The short version about me would say all the basics: that I’m seventeen, a senior in high school, a thirteen year veteran of home-school, a writer, a golfer, a person. But the facts you already know and they only tell part of the story, the way one can only estimate the time of day by the position of the sun. I can tell you that I am a compulsive daydreamer with a heart for helping others. I want to be involved, which sometimes means I have the heart-wrenching task of choosing between the thousand things I want to do. I can tell you that while I am quite mild I’m very passionate and extremely curious. When I was seven I saved all my changes to buy a small colorful notebook from the drugstore—my first diary. Now, sixteen journals later my life has begun its own path with turns and scenery uniquely its own. I am extremely excited about where it leads and the stops and people lining the way.

So, the question is, what makes me tick, how did I become who I am, and what have I learned in my seventeen years through the many adventures I’ve had (and there have been many)? Well, I’ve learned that sometimes you can surprise yourself; when climbing a rock wall, you should not look down; when you pick up a baby frog it tickles your hand in the cutest way; cucumbers should always be planted at the end of a garden; if the lights go out during your dance recital keep tapping; it’s possible to read Breaking Dawn in four days; you should go to a rally at least once in your life—it will change your life; music is a bare necessity (after food and clothing but before shelter); everyone should read the Human Rights; if you’ve been in a snowstorm you’re lucky; you can fit six people and three golf bags in a golf cart; there’s no place like the library; if you take a mouse off a trap don’t look at it; learn how to make pancakes by heart so you don’t starve; it’s okay if you don’t like vacuuming; what goes around does come around (life is much a like a boomerang and deja vu is real); super hero movies rock; if you enter enough contests you’ll win something; knowledge comes in many packages; you can do anything if you read about it first; running in a thunderstorm should not be repeated (I should take my own advice on this one); if a bird food package says it attracts wilder birds believe it; when you make a mistake try really hard not to do it again; don’t beat yourself—you are not a punching bag!

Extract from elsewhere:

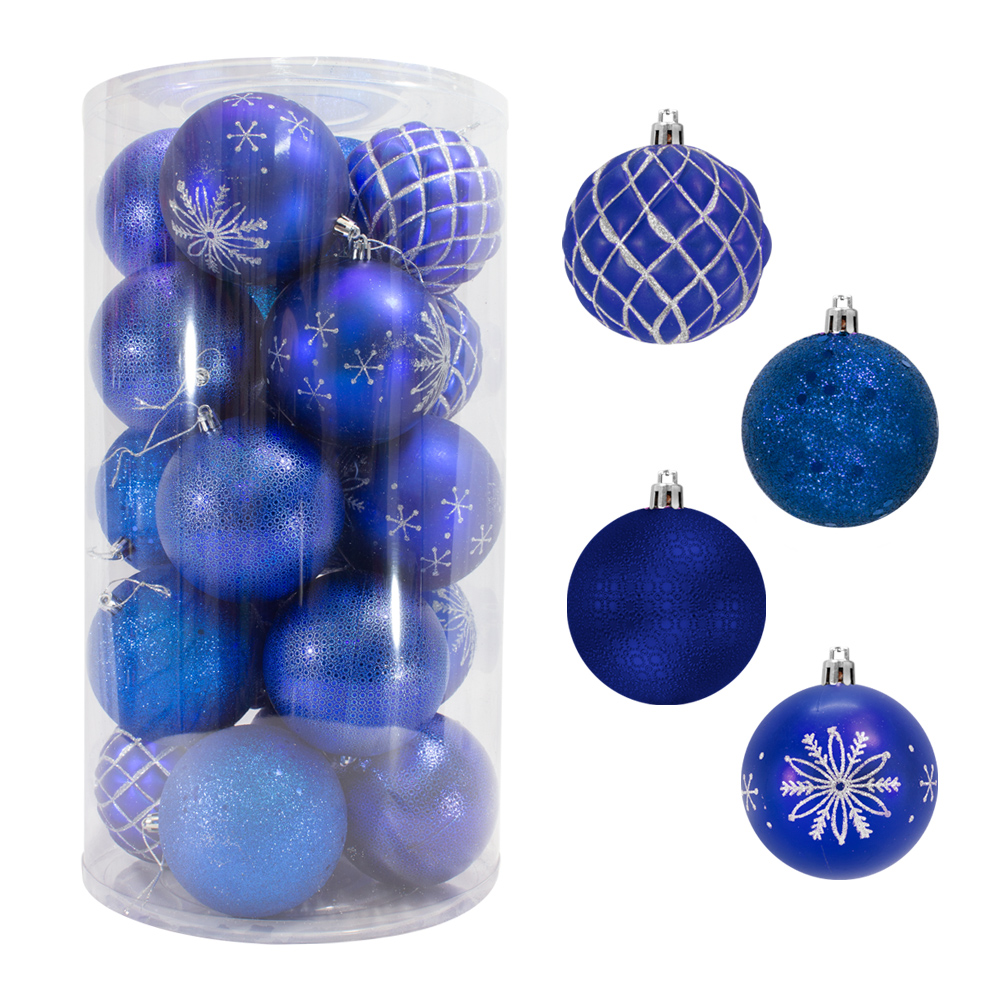 Importadora la Merced Esferas Navideñas Grandes De plástico 20 Piezas 9 Cm Decoración Colgante Adornos para Árbol Navidad Juego de Adornos Navidad Esferas económicas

Read poetry, it helps to know there’s other people with the same thoughts; have no regrets after Thanksgiving cause it only comes once a year; few people know you like you know yourself, and you don’t even know yourself; “neither you nor the world knows what you can do until you have tried” – Emerson; if you’re feeling down read Emerson; it only takes a utility knife, spatula, screwdriver, and some patience to move sod and lots of water to keep it growing; don’t wait till to open your presents Christmas; if you’re dressed up like a witch for Halloween don’t wave at young kids-you’ll scare the poor children half to death; you get points for waking up early to see a meteor shower even if you missed the meteors; a broken heart can heal; no matter how many times you call to win free tickets you’re never the fifteenth caller; keep your word; if you love someone you should tell them that every time you see them (and even when you don’t).

That’s what life has taught me so far. These are the facts that shaped who I am and how I think. I know I’ve done what I can to show you…me. There is so much to learn about a person in such a short time span, the key is to show others something worthwhile about you, a reason to make them want to know more. The rest, is up to fate.

Sometimes, when the sun is just setting and it’s rained, with hot steam coming off the street and a cool breeze flowing through the air, I like to sit on the front porch and think about how much I truly love life.